§ **Task requirements**
Starting with the line that contains "Японская cityboy джинсовая", give again exactly and only each line through the end of the records; include the last line and exclude pictures.

§ **Data to use**
*** Block opens ***

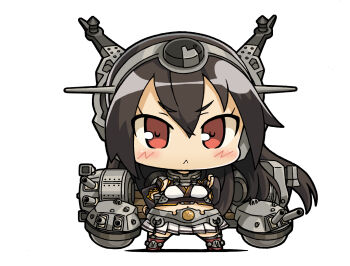 1girl :&lt; black_hair blush breasts chibi chibi_only clenched_hand closed_mouth garter_straps hair_between_eyes hand_on_own_hip headgear kantai_collection long_hair medium_breasts miniskirt nagato_(kancolle) pleated_skirt red_eyes red_thighhighs rigging simple_background skirt solo standing thighhighs white_background white_skirt yagumo_kengou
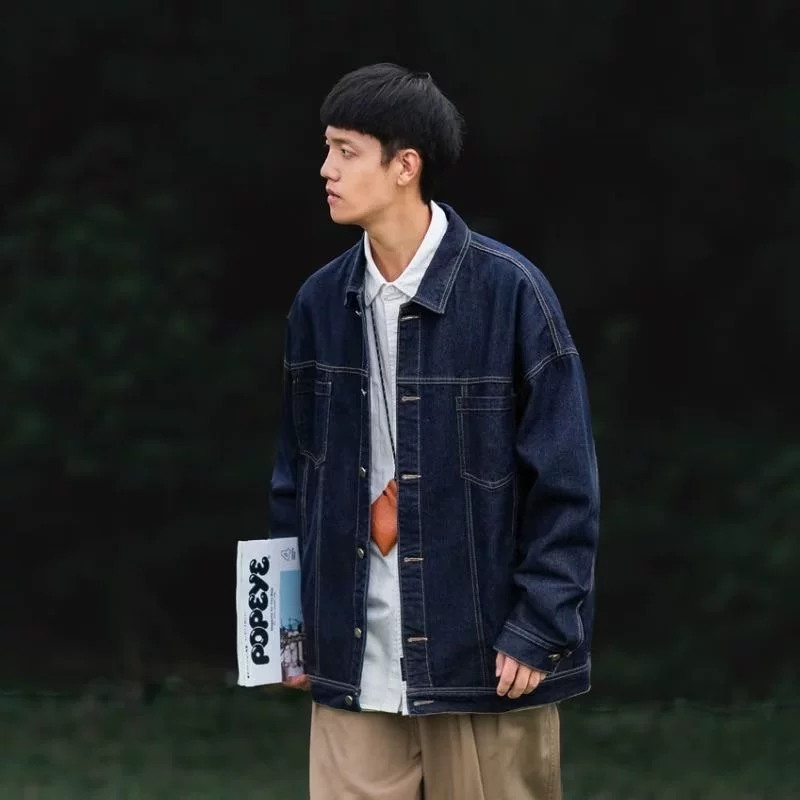 Японская cityboy джинсовая куртка для мужчин осень новая свободная повседневная темная куртка для мужчин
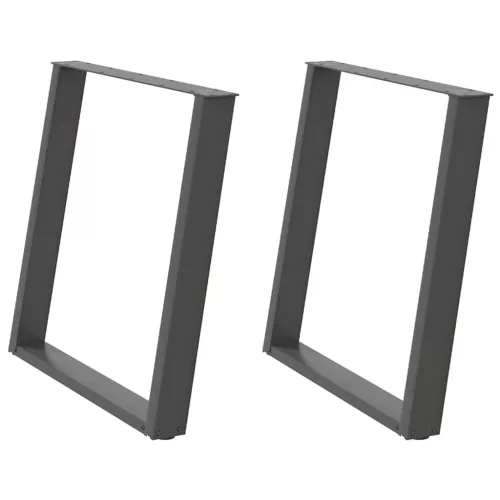  2 db antracitszürke, U alakú étkezőasztal láb 70 x (72-73) cm acél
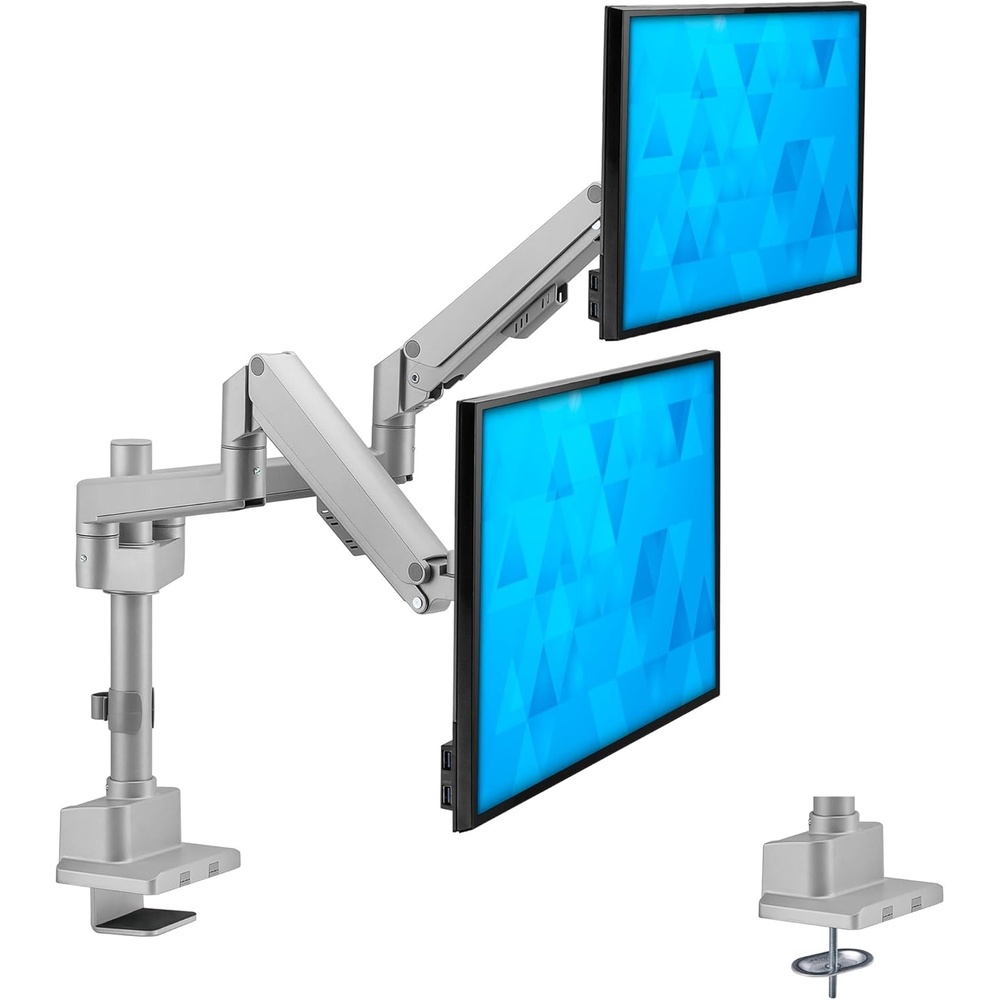 image:imageMountIt Dual Monitor Mount Monitor Stands for 2 Monitors Computer Arms on Desk Stand Gas Spring Height Adjustable Desk Mount in Silver VESA 75 100 Fits Screens Up to 32 Silver Color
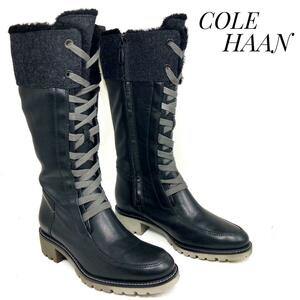 ☆ Мгновенное решение / бесплатная доставка ☆ COLE HAAN WATERPROOF ботинки на шнуровке, черные, черные, 23,5 см, кожаные туфли, сапоги, натуральная кожа, натуральная кожа, женская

*** Block closes ***

§ **Task solution**
 Японская cityboy джинсовая куртка для мужчин осень новая свободная повседневная темная куртка для мужчин
  2 db antracitszürke, U alakú étkezőasztal láb 70 x (72-73) cm acél
 image:imageMountIt Dual Monitor Mount Monitor Stands for 2 Monitors Computer Arms on Desk Stand Gas Spring Height Adjustable Desk Mount in Silver VESA 75 100 Fits Screens Up to 32 Silver Color
 ☆ Мгновенное решение / бесплатная доставка ☆ COLE HAAN WATERPROOF ботинки на шнуровке, черные, черные, 23,5 см, кожаные туфли, сапоги, натуральная кожа, натуральная кожа, женская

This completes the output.